Turning switch 1 off merely redirects the current but keeps the light on, but turning switch 2 off has no effect whatsoever–the light turns off if and only if both switches are off. Thus, we see that the internal structure of a process affects our perception of actual causation. Evidently, our mind takes into consideration not merely input-output relationships but also the inner structure of the process leading from causes to effects. How?

Causal Beam

The solution I would like to propose here is based on local sustenance relationships. Given a causal model, and a specific scenario in this model, we construct a new model by pruning away, from every family, all parents except those that minimally sustain the value of the child. I call the new model a causal beam (Pearl 2000). In this new model, we conduct the counterfactual test, and we proclaim an event X = x the actual cause of Y = y if y depends on x in the new model. I now demonstrate this construction using a classical example owed to P. Suppes (figure 18). It is isomorphic to the two-switch problem but more bloodthirsty.

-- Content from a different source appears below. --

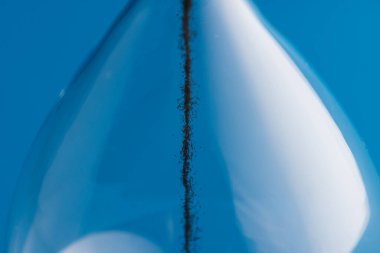 Kum saatini siyah kumla kapat ve mavi arkaplanda kopyala. Zaman, zaman tutma, şekil ve renk kavramı.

A desert traveler T has two enemies. Enemy 1 poisons T’s canteen, and enemy 2, unaware of enemy 1’s action, shoots and empties the canteen. A week later, T is found dead, and the two enemies confess to action and intention. A jury must decide whose action was the actual cause of T’s death. Enemy 1 claims T died of thirst, and enemy 2 claims to have only prolonged T’s life.

Now let us construct the causal beam associated with the natural scenario in which we have death (Y= 1), dehydration (D = 1), and no poisoning (C = 0). Consider the C-family (figure 19).


Because emptying the canteen is sufficient for sustaining no cyanide intake, regardless of poisoning, we label the link P [right arrow] C inactive and the link X [right arrow] C sustaining. The link P [right arrow] C is inactive in the current scenario, which allows us to retain just one parent of C, with the functional relationship C = [logical not]X (figure 20).


Next, consider the Y-family (in the situation D = 1, C = 0) (figure 21). Because dehydration would sustain death regardless of cyanide intake, we label the link C [right arrow] Y inactive and the link D [right arrow] Y sustaining.


We drop the link C [right arrow] Y, and we end up with a causal beam leading from shooting to death through dehydration. In this final model we conduct the counterfactual test and find that the test is satisfied because Y = X. Thus, we have the license to classify the shooter as the cause of death, not the poisoner, though none meets the counterfactual test for necessity on a global scale–the asymmetry emanates from structural information.

Things will change of course if we do not know whether the traveler craved for water before or after the shot. Our uncertainty can be modeled by introducing a background variable, U, to represent the time when the traveler first reached for drink (figure 22).


If the canteen was emptied before T needed to drink, we have the dehydration scenario, as before (figure 21). However, if T drank before the canteen was emptied, we have a new causal beam in which enemy 1 is classified as the cause of death. If U is uncertain, we can use P(u) to compute the probability P(x caused y) because the sentence “x was the actual cause of y” receives a definite truth value for every value u of U. Thus,

P(x caused y) = [SIGMA] P(u)

{u | x caused y in u}

Temporal Preemption

We come now to resolve a third objection against the counterfactual test–temporal preemption. Consider two fires advancing toward a house. If fire 1 burned the house before fire 2, we (and many juries nationwide) would consider fire 1 the actual cause of the damage, although fire 2 would have done the same if it were not for fire 1. If we simply write the structural model as

H = F1 [disjunction] F2,

where H stands for “house burns down,” the beam method would classify each fire equally as a contributory cause, which is counterintuitive. Here, the second cause becomes ineffective only because the effect has already happened–a temporal notion that cannot be expressed in the static causal model we have used thus far. Remarkably, the idea of a causal beam still gives us the correct result if we use a dynamic model of the story, as shown in figure 23.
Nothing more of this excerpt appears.